[[ Extracted data open ]]
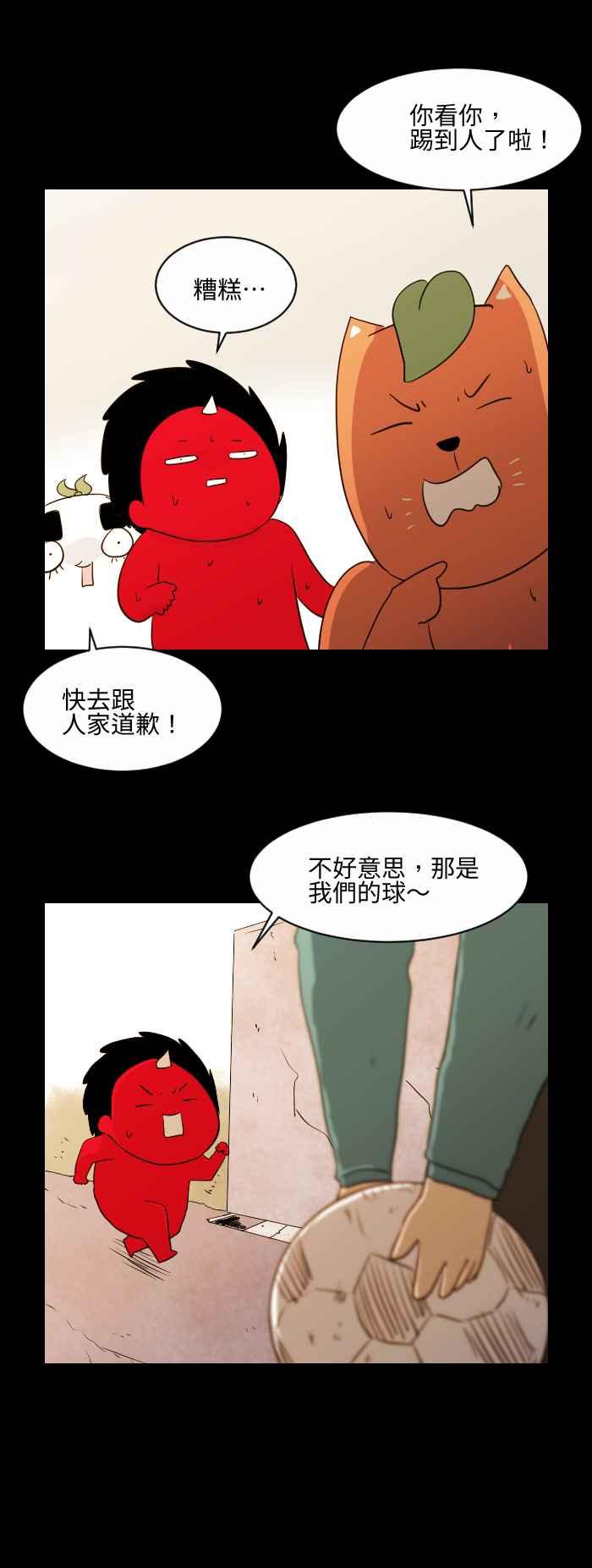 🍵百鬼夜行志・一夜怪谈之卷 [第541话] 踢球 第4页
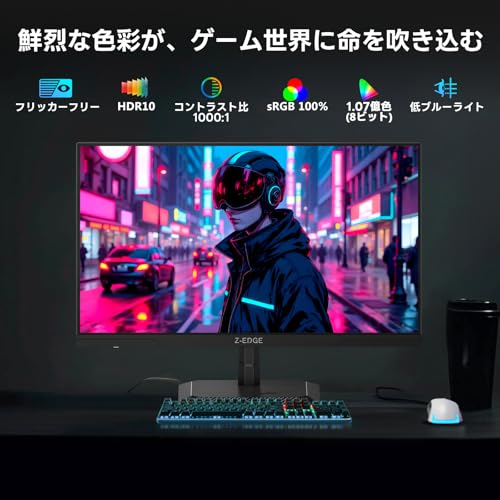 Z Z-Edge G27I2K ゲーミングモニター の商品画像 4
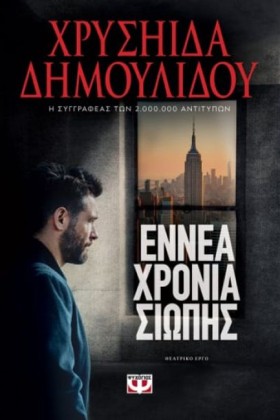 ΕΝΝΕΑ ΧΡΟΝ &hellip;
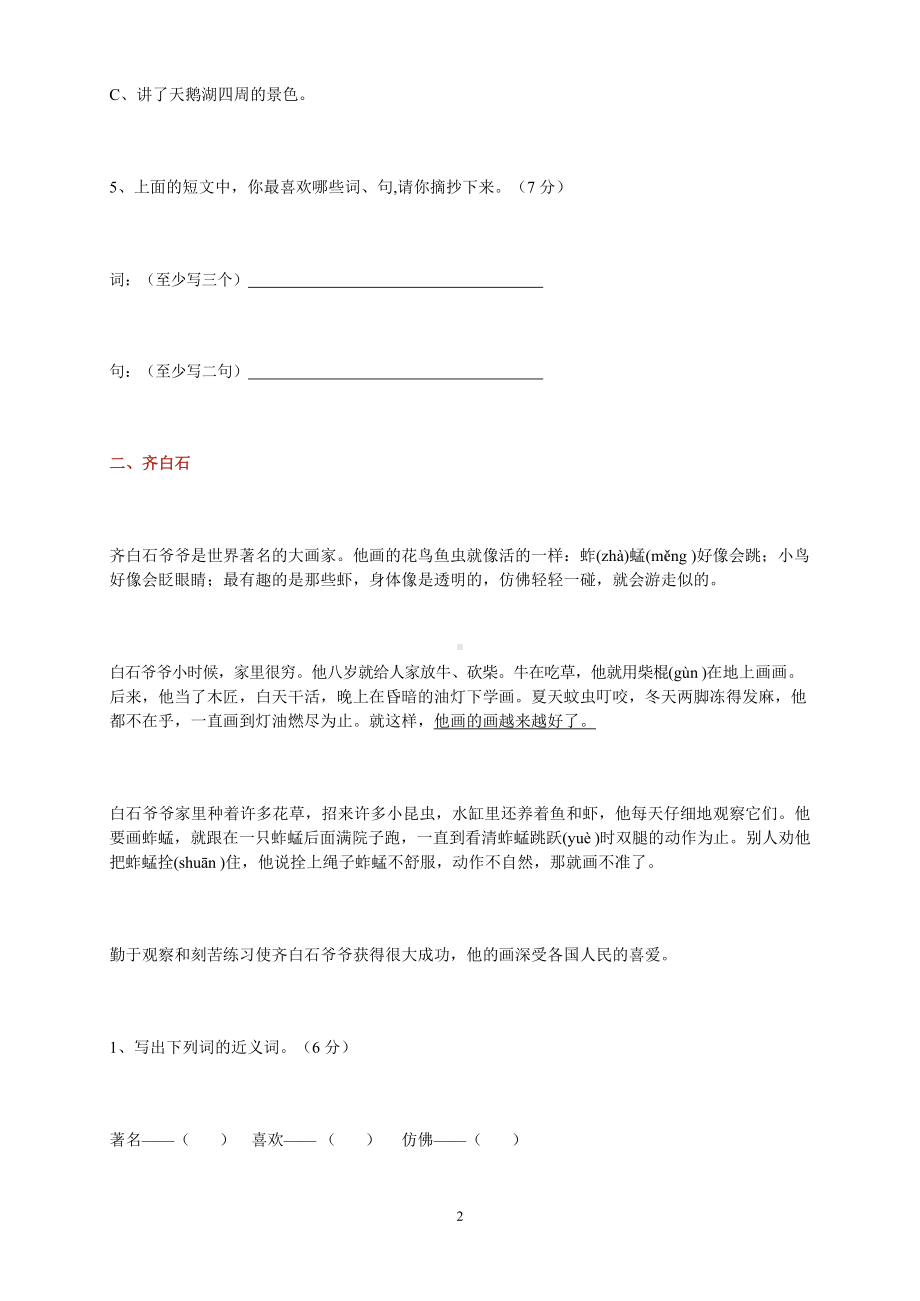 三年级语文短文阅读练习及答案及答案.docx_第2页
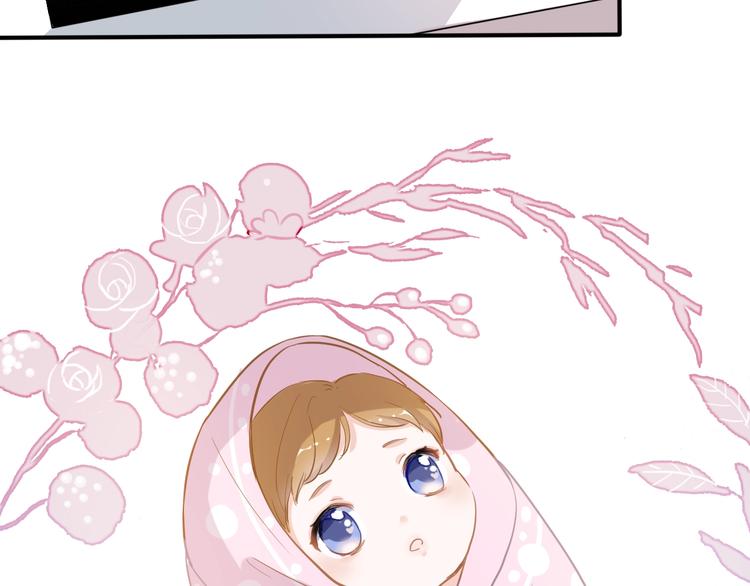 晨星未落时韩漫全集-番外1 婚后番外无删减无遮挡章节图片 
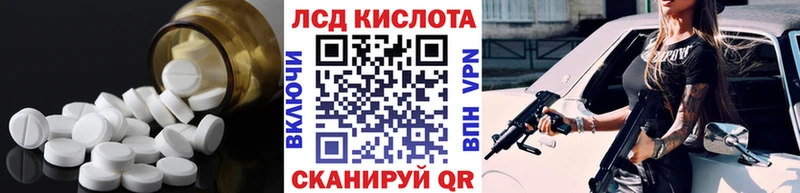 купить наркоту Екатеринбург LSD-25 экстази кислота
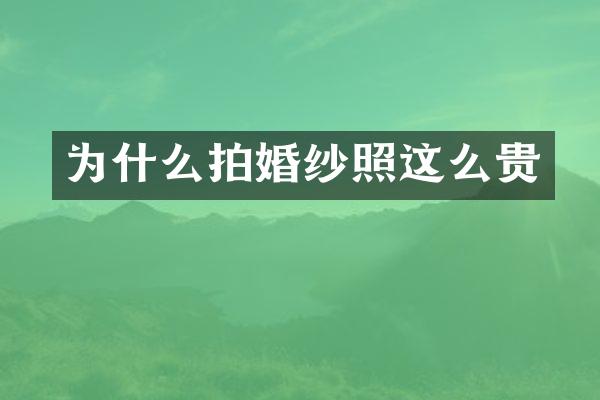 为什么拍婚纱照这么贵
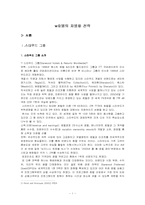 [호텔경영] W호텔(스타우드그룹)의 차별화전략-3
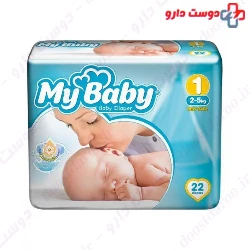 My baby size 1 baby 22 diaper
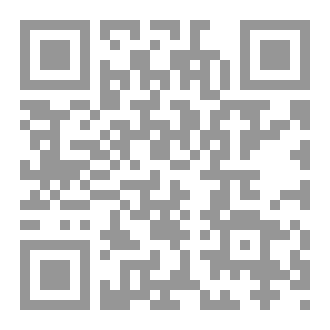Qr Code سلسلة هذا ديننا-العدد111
[[ Extracted data closed ]]
**Brief:** Output the data exactly as it appears. The pictures do not belong in it.

**Solution for this problem:**
 🍵百鬼夜行志・一夜怪谈之卷 [第541话] 踢球 第4页
 Z Z-Edge G27I2K ゲーミングモニター の商品画像 4
 ΕΝΝΕΑ ΧΡΟΝ &hellip;
 三年级语文短文阅读练习及答案及答案.docx_第2页
 晨星未落时韩漫全集-番外1 婚后番外无删减无遮挡章节图片 
 купить наркоту Екатеринбург LSD-25 экстази кислота
 为什么拍婚纱照这么贵
 [호텔경영] W호텔(스타우드그룹)의 차별화전략-3
 My baby size 1 baby 22 diaper
Qr Code سلسلة هذا ديننا-العدد111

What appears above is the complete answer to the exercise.